Two malicious packages uploaded to the Python Package Index (PyPI) repository have been identified by cybersecurity researchers as tools for exfiltrating sensitive information from compromised systems, according to Fortinet FortiGuard Labs. The packages, named zebo and cometlogger, were downloaded 118 and 164 times, respectively, before being removed. ClickPy statistics reveal that most downloads originated from the United States, China, Russia, and India.
zebo is described as a typical malware example, designed for surveillance, data theft, and unauthorized control, according to security researcher Jenna Wang. It employs obfuscation techniques like hex-encoded strings to hide the URL of its command-and-control (C2) server, which it communicates via HTTP requests. Its features include data harvesting using the pynput library for keylogging and ImageGrab for hourly screenshots, which are uploaded to ImgBB using an API key retrieved from the C2 server. The malware also establishes persistence by creating a batch script that adds the malicious Python code to the Windows Startup folder, ensuring execution upon reboot.

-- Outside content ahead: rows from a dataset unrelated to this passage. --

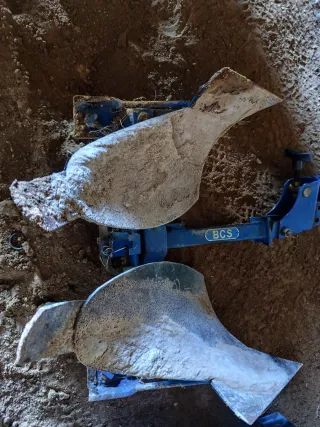 Arado vertedera para motocultor/motoazada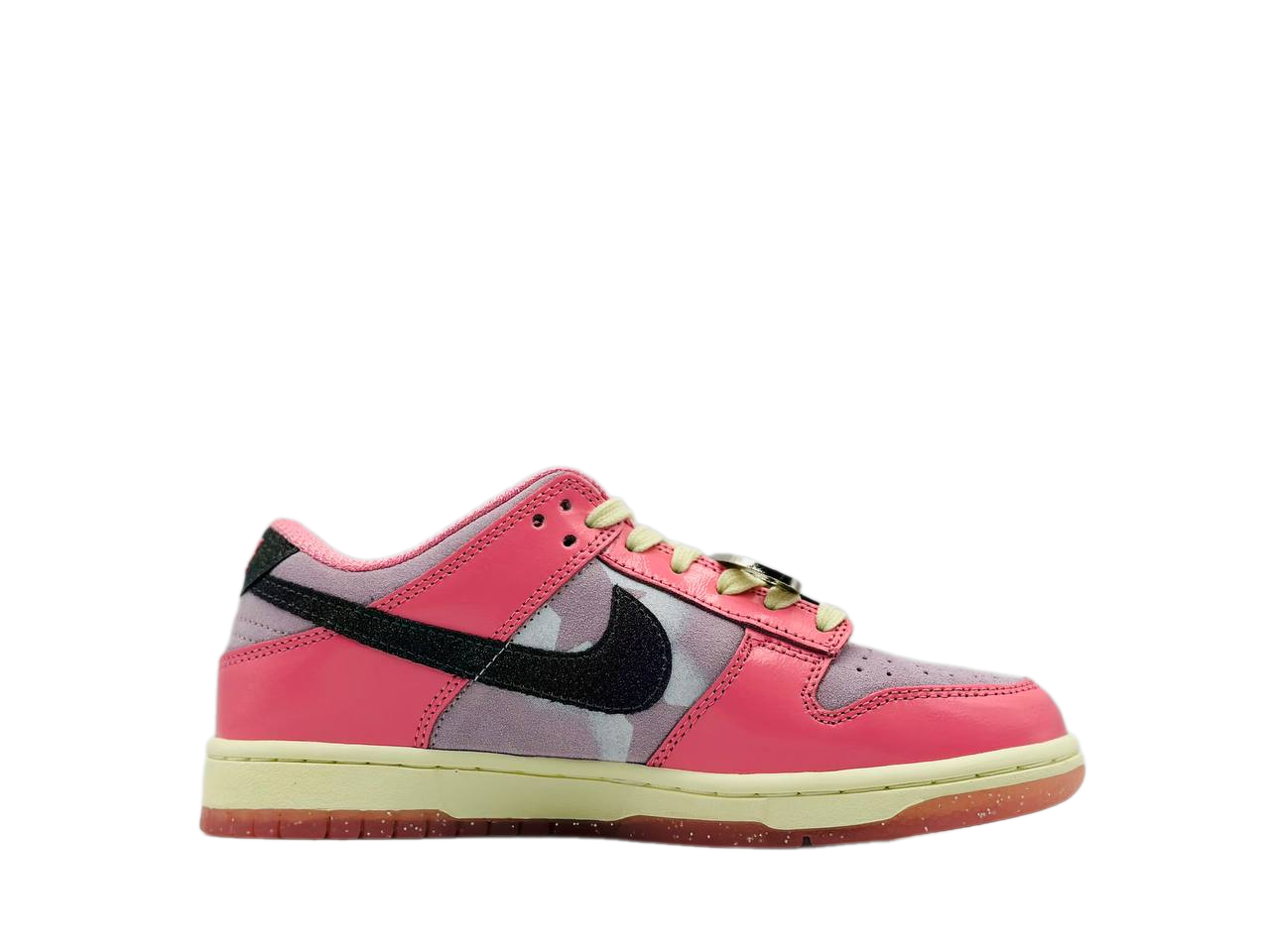 Nike SB Dunk Low Barbie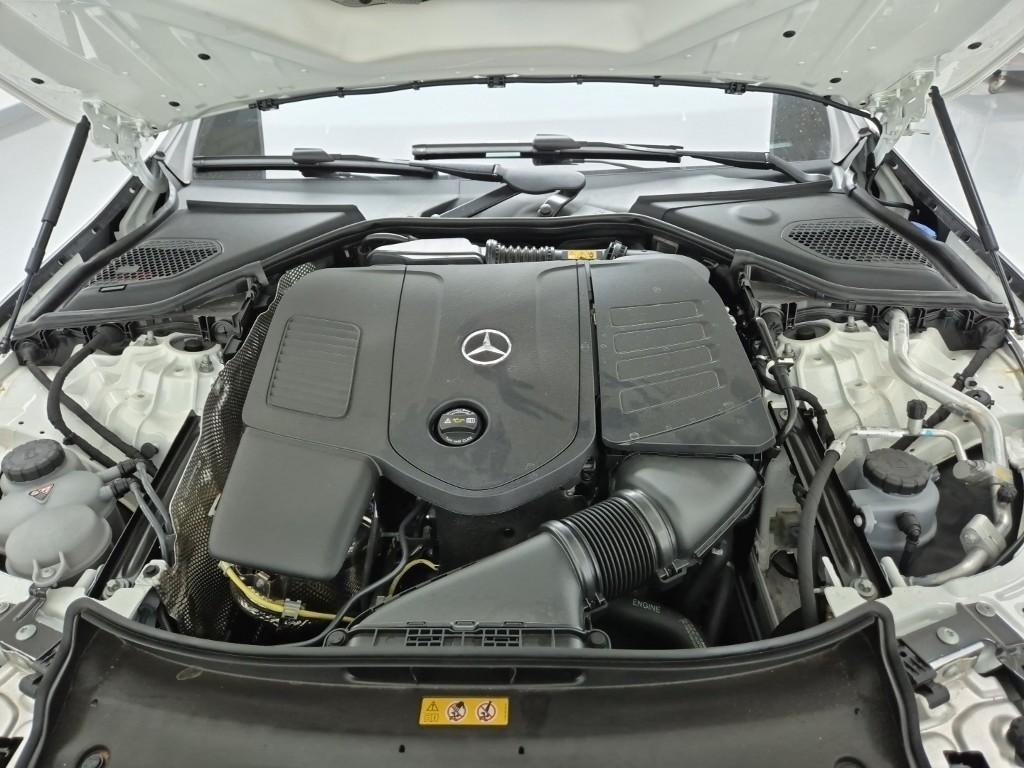 Mercedes Benz E class - Vista 4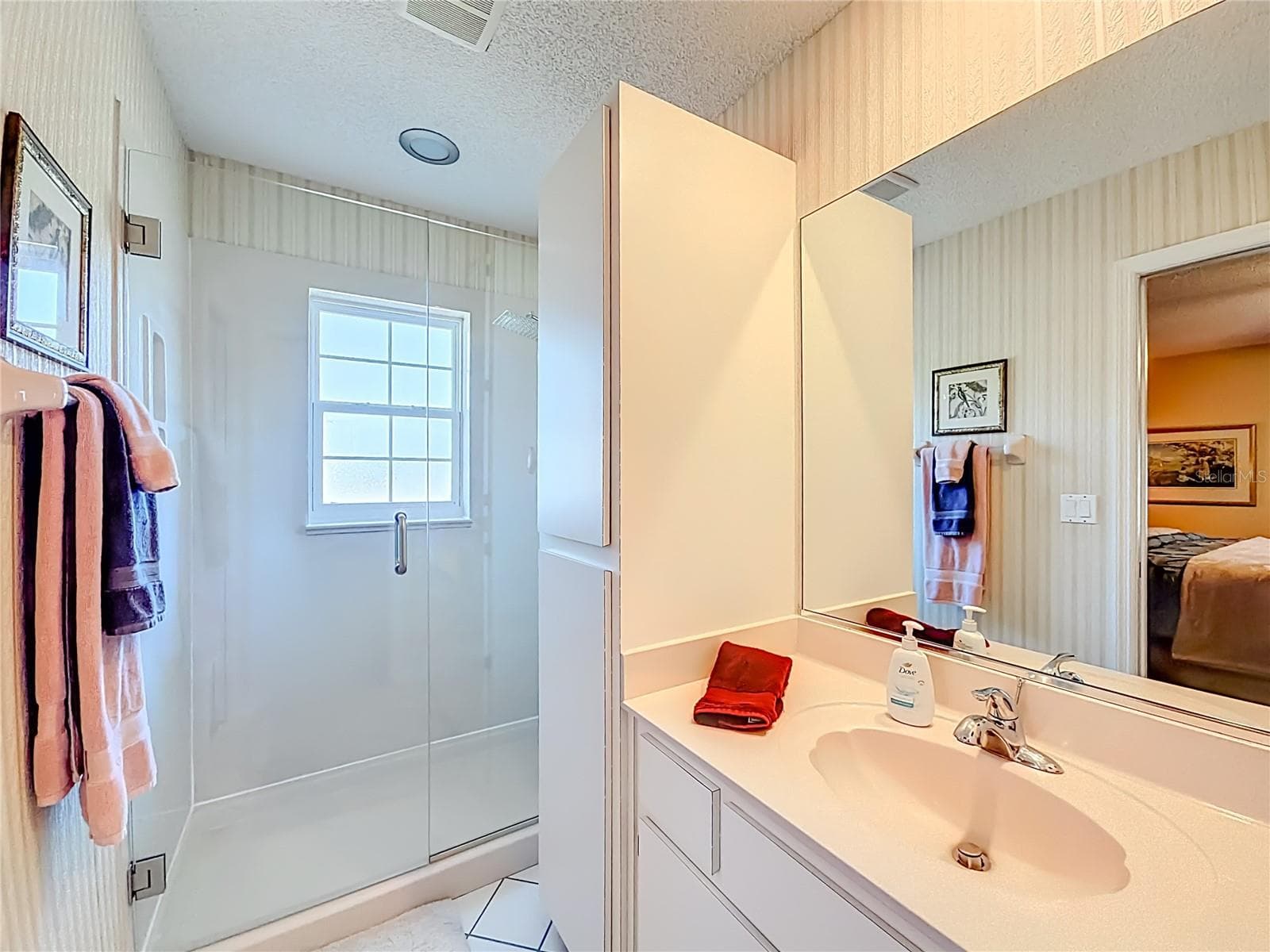 En-suite bath - 331 SE HIGHWAY 42, SUMMERFIELD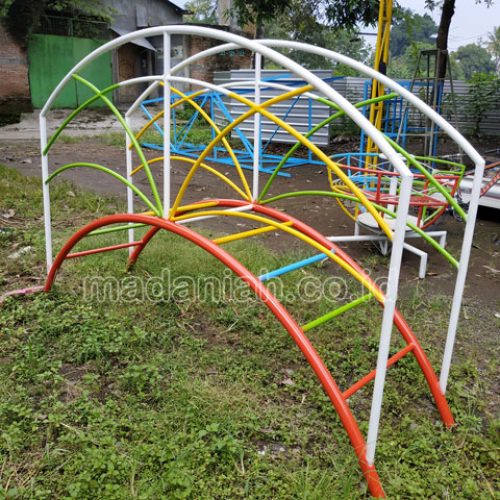 Jual Murah Mainan Tangga Majemuk Setengah Lingkaran TK Aceh Barat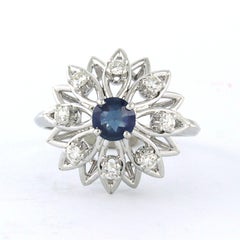 Ring with sapphire and brilliant cut diamonds up to 0.32ct 18k gold 5.0 grams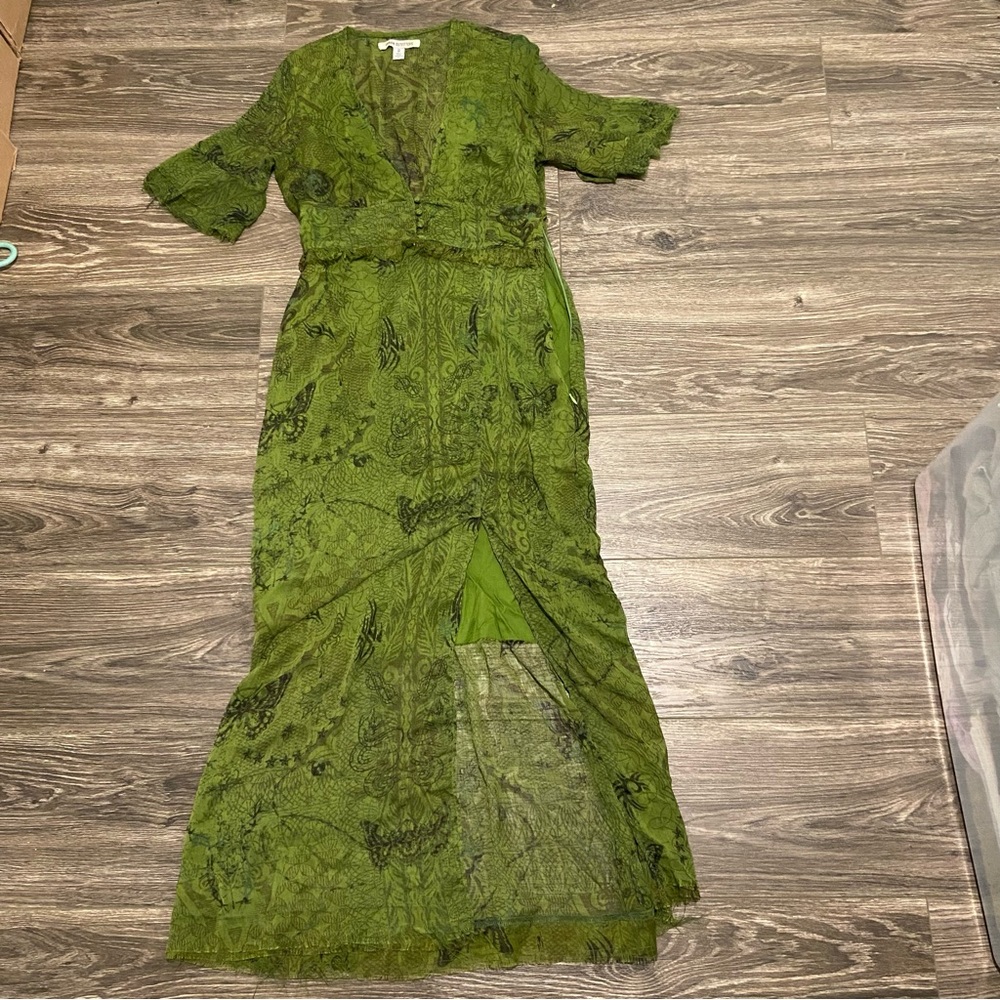 Urban Outfitters green sheet lined chiffon paisley flutter sleeve dress size M
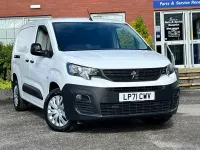 Used Peugeot Partner Premium 100 HP (73 kW) 2022 White MPV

cometlogger is even more feature-packed, capable of stealing cookies, passwords, tokens, and account data from various applications, including Discord, Steam, Instagram, TikTok, Reddit, Twitch, Spotify, and Roblox. It also collects system metadata, network and Wi-Fi details, clipboard content, and a list of running processes. To maximize data theft, it asynchronously executes tasks, enabling swift exfiltration. The malware avoids detection by incorporating anti-virtual machine checks and terminating browser-related processes to gain unrestricted access to files.
“While some features might resemble legitimate tools, the suspicious functionality and lack of transparency make these scripts unsafe to execute,” Wang warned. “Always review code before running it and avoid interacting with scripts from unverified sources.”